Alfamart Tegaskan Tak Khawatir dengan Kopdes Merah Putih

Ringkasan AI
Ringkasan
PT Sumber Alfaria Trijaya Tbk (AMRT), pengelola Alfamart, menegaskan tidak merasa terancam dengan kehadiran program koperasi Desa (Kopdes) Merah Putih. Corporate Affair Director Solihin dalam RUPS Kamis (4/6/2026) menyebut segmen pasar kedua entitas memiliki perbedaan signifikan.
Perusahaan memilih fokus pada peningkatan kualitas pelayanan melalui gerai fisik maupun layanan digital.

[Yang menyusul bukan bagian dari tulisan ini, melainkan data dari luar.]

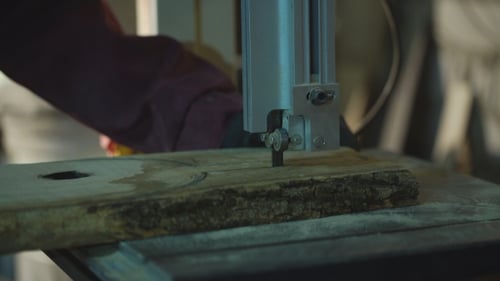 Artisan Using Cutting Machine to Shape Wood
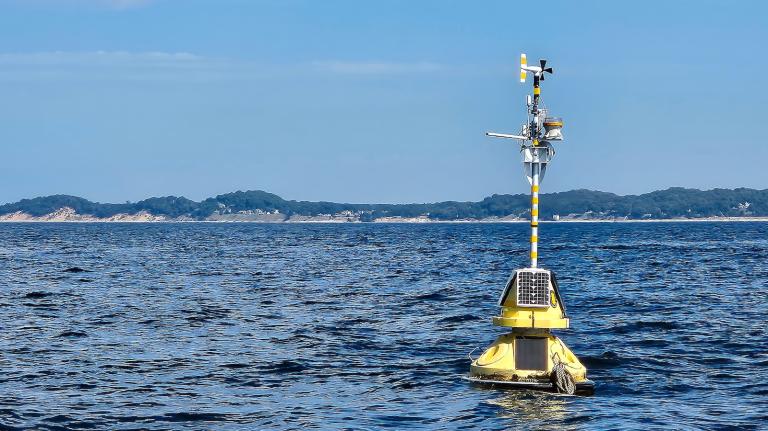 Floating yellow weather station buoy on blue Lake Michigan.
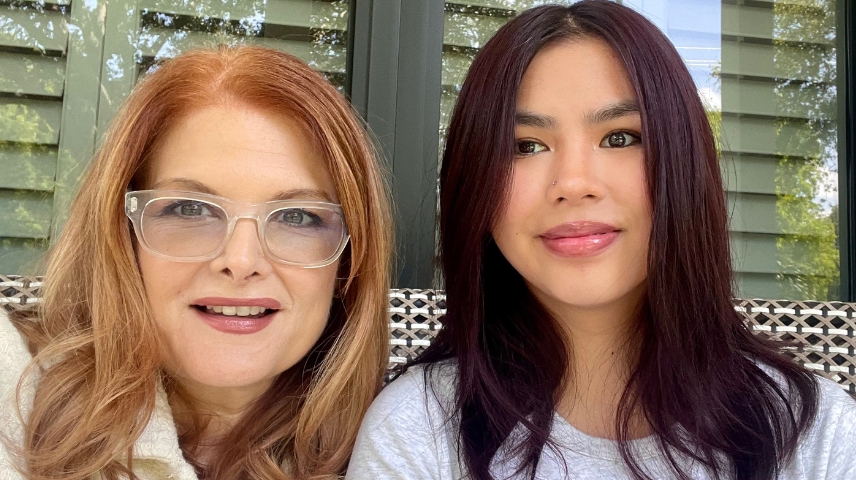 Selfie of Maria and her daughter smiling, sitting outdoors, a window reflecting tree foliage is behind them in the background.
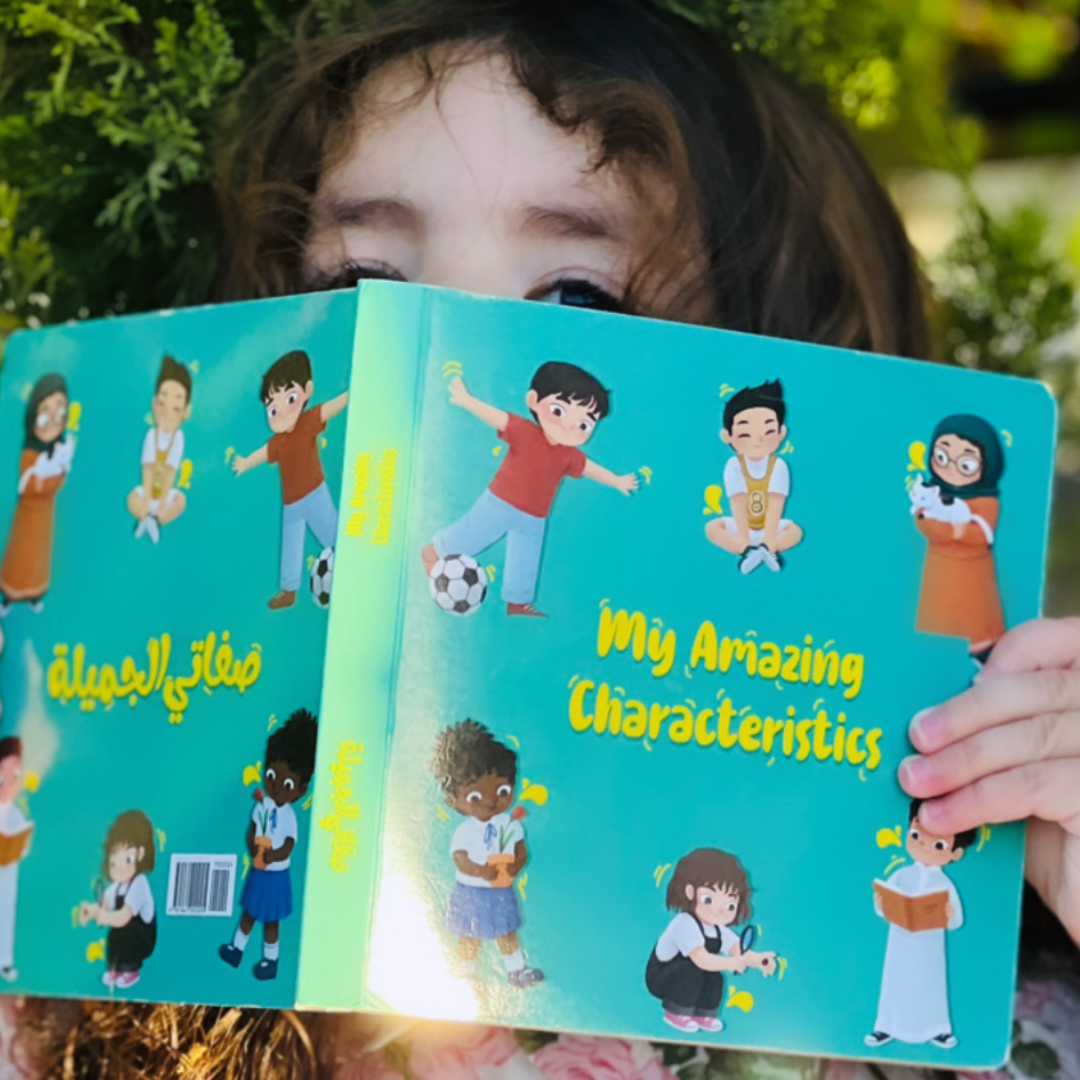 A young child holds up the bilingual board book “My Amazing Characteristics” outdoors, showing its colorful Arabic-English cover featuring diverse children.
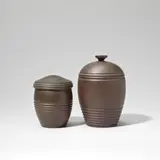 Two tobacco jars, model no.s 3865 and 3862 by Keith Murray: Made by Wedgwood, circa 1935, Earthenware, brown basalt glazes, sold Feb 2023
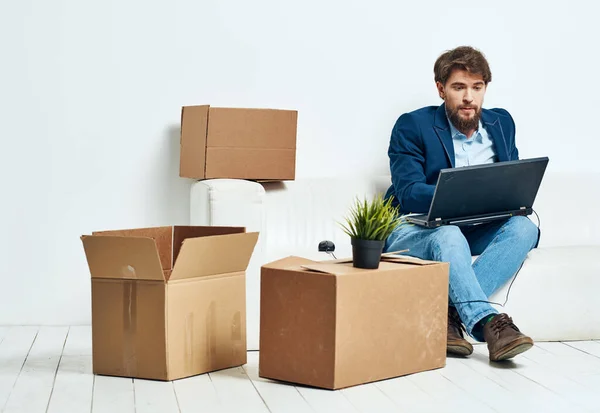 Manager sitzt mit Laptop auf der Couch und arbeitet professionelle Boxen mit Dingen — Stockfoto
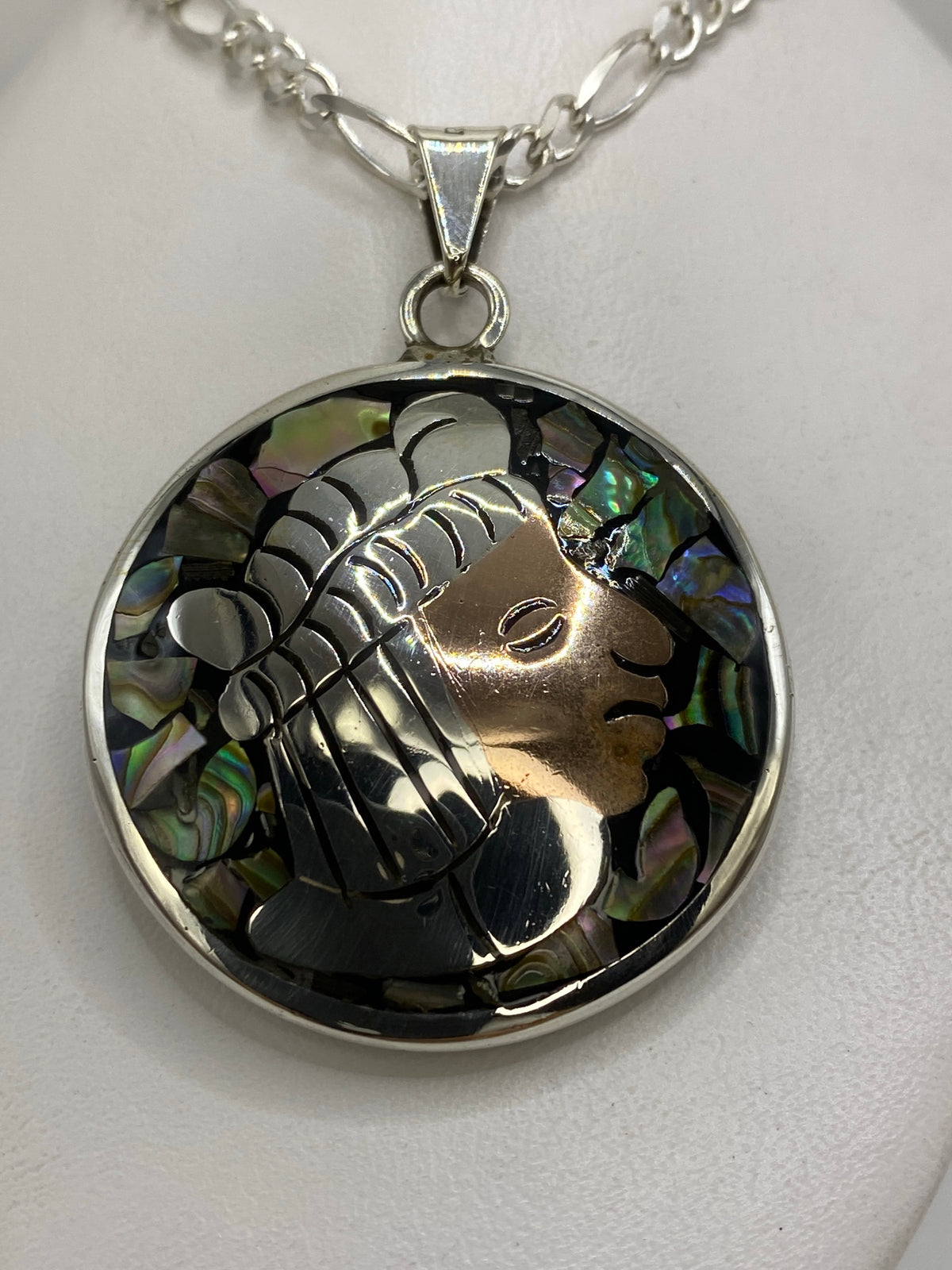Dije de plata 925 prehispánico con rostro de guerrero de perfil, tocado de plumas grabadas y fondo de nácar iridiscente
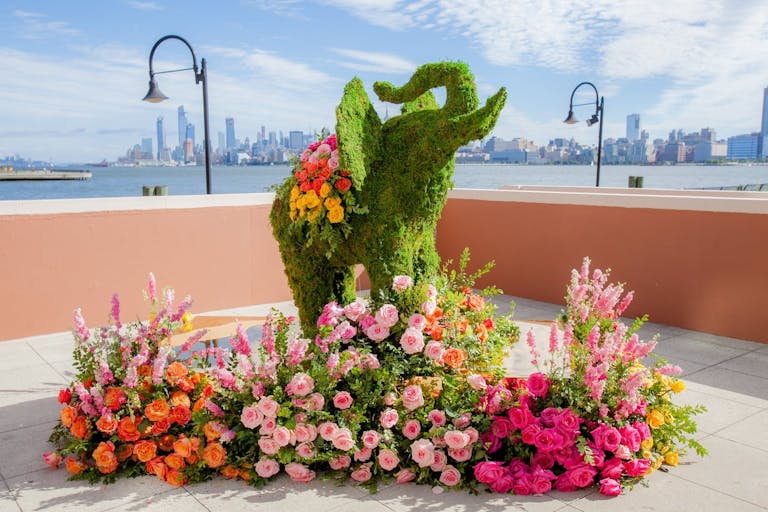 Elephant boxwood wedding sculpture with colorful florals | PartySlate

Ekspansi gerai dan penguatan platform digital terus dilakukan untuk mempertahankan posisi di pasar ritel modern.
Dampak
Program Kopdes Merah Putih yang mencakup layanan simpan pinjam, gerai kebutuhan pokok, dan apotek desa menyasar segmen berbeda dari ritel modern. Kehadiran koperasi desa tersebut tidak mengurangi pangsa pasar Alfamart secara langsung, sehingga masyarakat tetap memiliki akses ke kedua jenis layanan tersebut.
JAKARTA - PT Sumber Alfaria Trijaya Tbk (AMRT), pengelola jaringan minimarket Alfamart, menyatakan tidak merasa terancam dengan kehadiran program Koperasi Desa (Kopdes) Merah Putih. Manajemen menilai segmen pasar yang disasar kedua entitas tersebut berbeda.
Corporate Affair Director Alfamart Solihin mengatakan, perseroan saat ini lebih memprioritaskan peningkatan kualitas pelayanan kepada pelanggan, baik melalui jaringan toko fisik maupun layanan digital. Strategi tersebut menjadi fokus utama perusahaan di tengah dinamika perilaku konsumen yang semakin mengarah ke layanan berbasis teknologi.
"Kalau kaitan dengan tadi pertanyaan bagaimana dengan Kopdes Merah Putih, kita fokus terhadap peningkatan pelayanan. Karena basis yang sekarang ini kan di luar daripada kita punya offline, kita juga meningkatkan pelayanan dengan secara online. Itu yang kita fokuskan terhadap ini," ujar Solihin dalam Rapat Umum Pemegang Saham (RUPS) yang digelar pada Kamis (4/6/2026).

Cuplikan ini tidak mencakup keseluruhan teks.